About this exercise
Leaving out all images, return the entries below exactly.
■ ■ ■ ■ ■ ■ ■
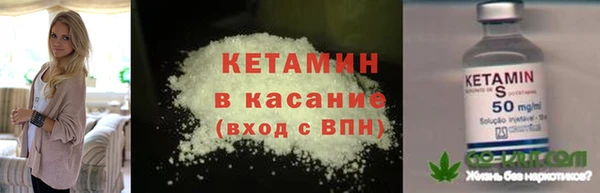 прущие грибы Балабаново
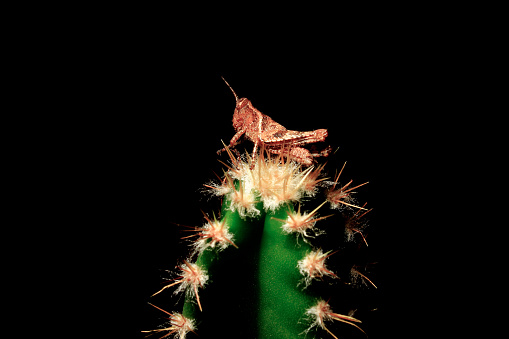 insect cricket on the spines of the cactus, challenge and overcome problems of life. Overcoming problems, winning. Copy space and text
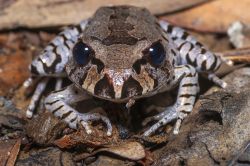 102-Mixophyes fleayi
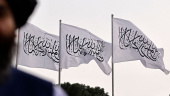 طالبان در آستانه تثبیت، اما با مشروعیت شکننده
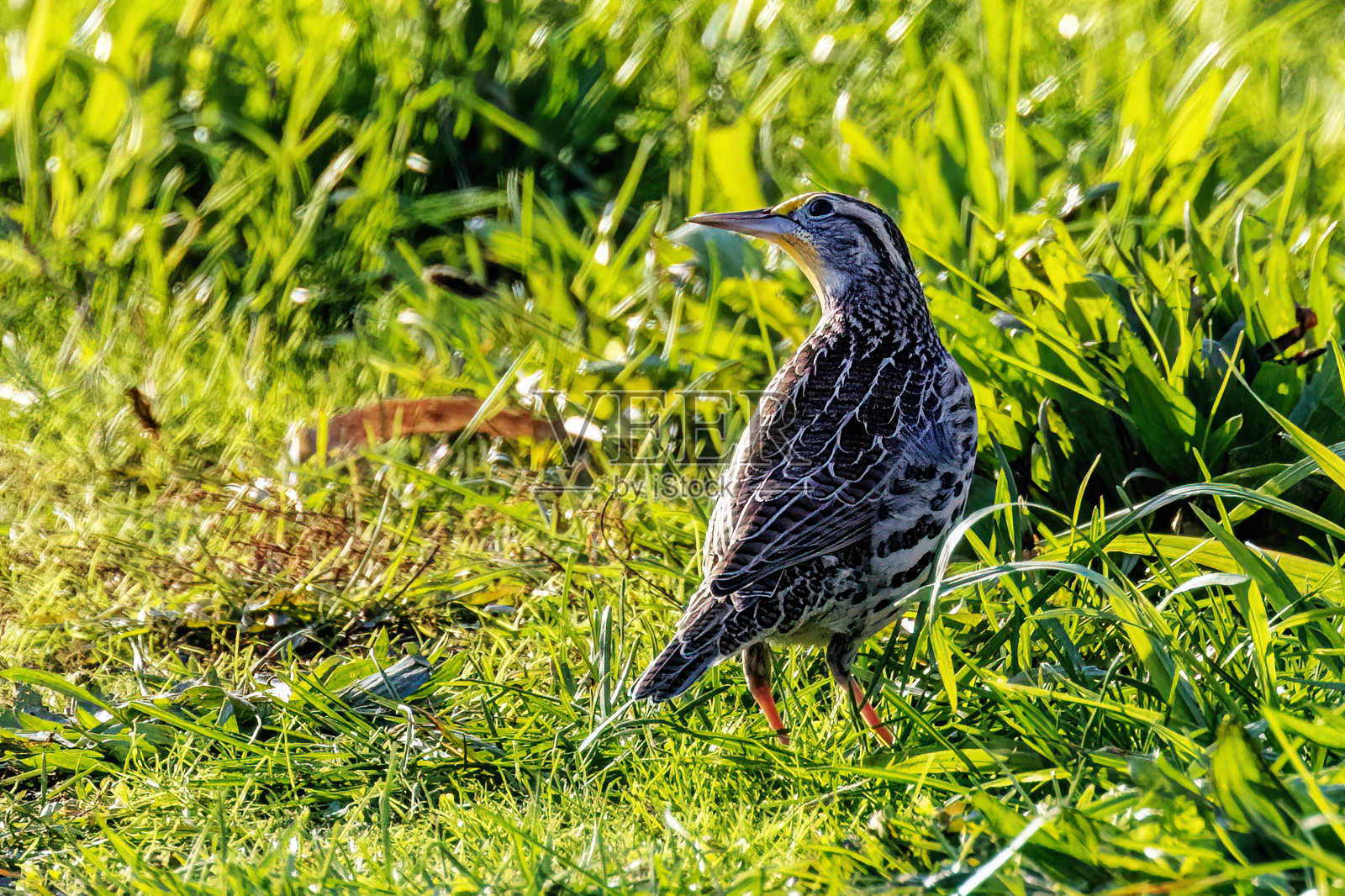 西部草地鹨，高贵林，不列颠哥伦比亚，加拿大照片摄影图片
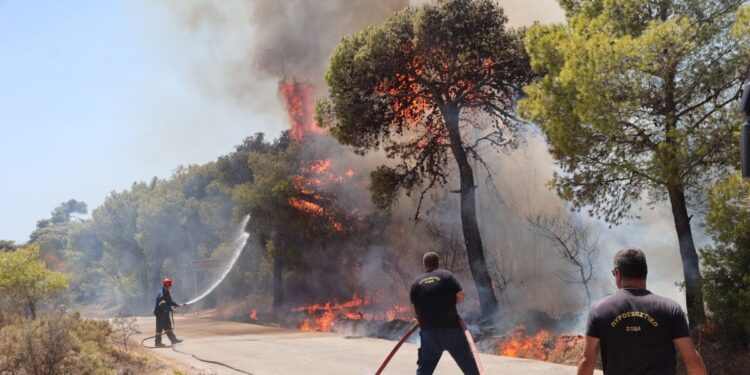 Φωτιά στη Φωκίδα: Οι φλόγες καίνε δάσος στον Δαφνό – Πάνω από 30 πυροσβέστες επιχειρούν στο μέτωπο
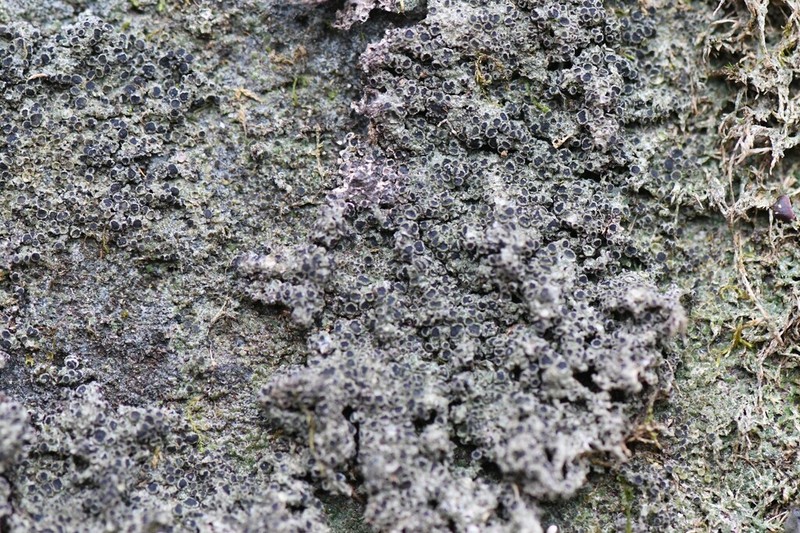 Rinodina Lichen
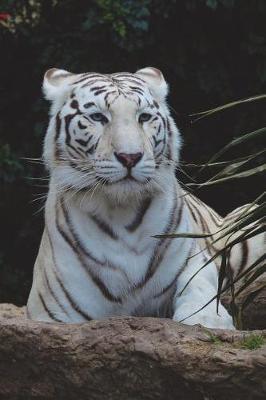 Book cover for White Bengal Tiger Portrait Journal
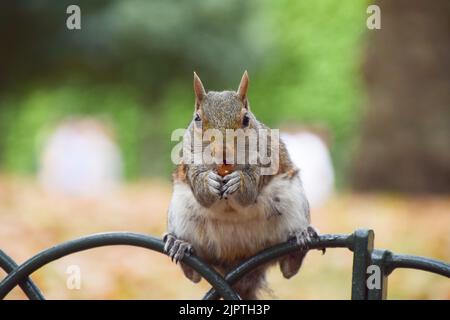 August 20, 2022, London, England, United Kingdom: A grey squirrel eats a nut given by a passer-by in St James's Park in central London. (Credit Image: © Vuk Valcic/ZUMA Press Wire) Stock Photo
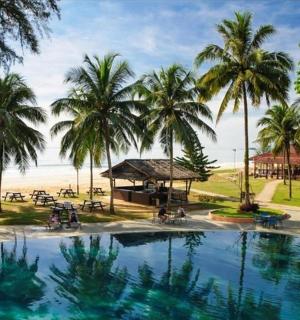 有棕榈树和沙滩的游泳池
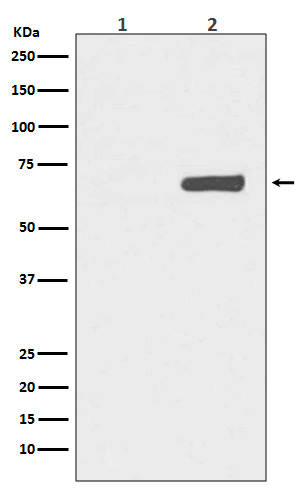 YAP1 (Phospho-Ser127) Rabbit mAb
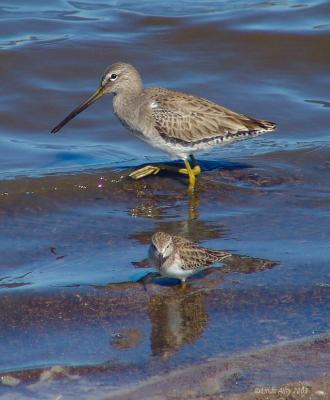 dowtitcher and least sandpiper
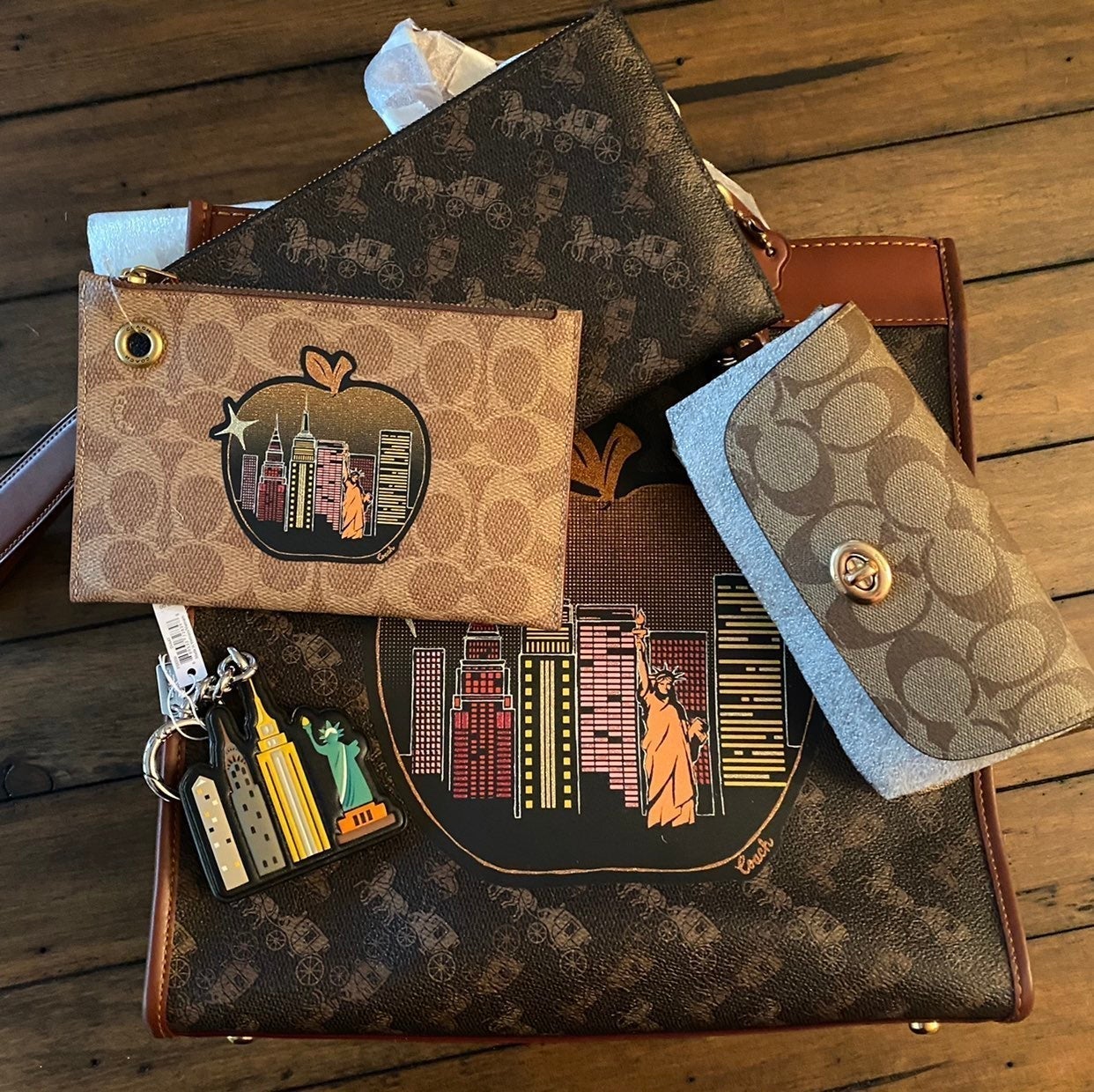 NWT Coach NY Applique Skyline Tote 3 set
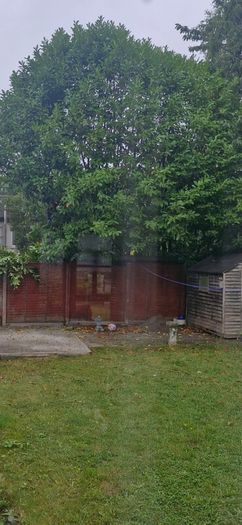 Garden services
■ ■ ■ ■ ■ ■ ■
Output of the task
 прущие грибы Балабаново
 insect cricket on the spines of the cactus, challenge and overcome problems of life. Overcoming problems, winning. Copy space and text
 102-Mixophyes fleayi
 طالبان در آستانه تثبیت، اما با مشروعیت شکننده
 西部草地鹨，高贵林，不列颠哥伦比亚，加拿大照片摄影图片
 Φωτιά στη Φωκίδα: Οι φλόγες καίνε δάσος στον Δαφνό – Πάνω από 30 πυροσβέστες επιχειρούν στο μέτωπο
 Rinodina Lichen
 Book cover for White Bengal Tiger Portrait Journal
 August 20, 2022, London, England, United Kingdom: A grey squirrel eats a nut given by a passer-by in St James's Park in central London. (Credit Image: © Vuk Valcic/ZUMA Press Wire) Stock Photo
 有棕榈树和沙滩的游泳池
 YAP1 (Phospho-Ser127) Rabbit mAb
 dowtitcher and least sandpiper
 NWT Coach NY Applique Skyline Tote 3 set
 Garden services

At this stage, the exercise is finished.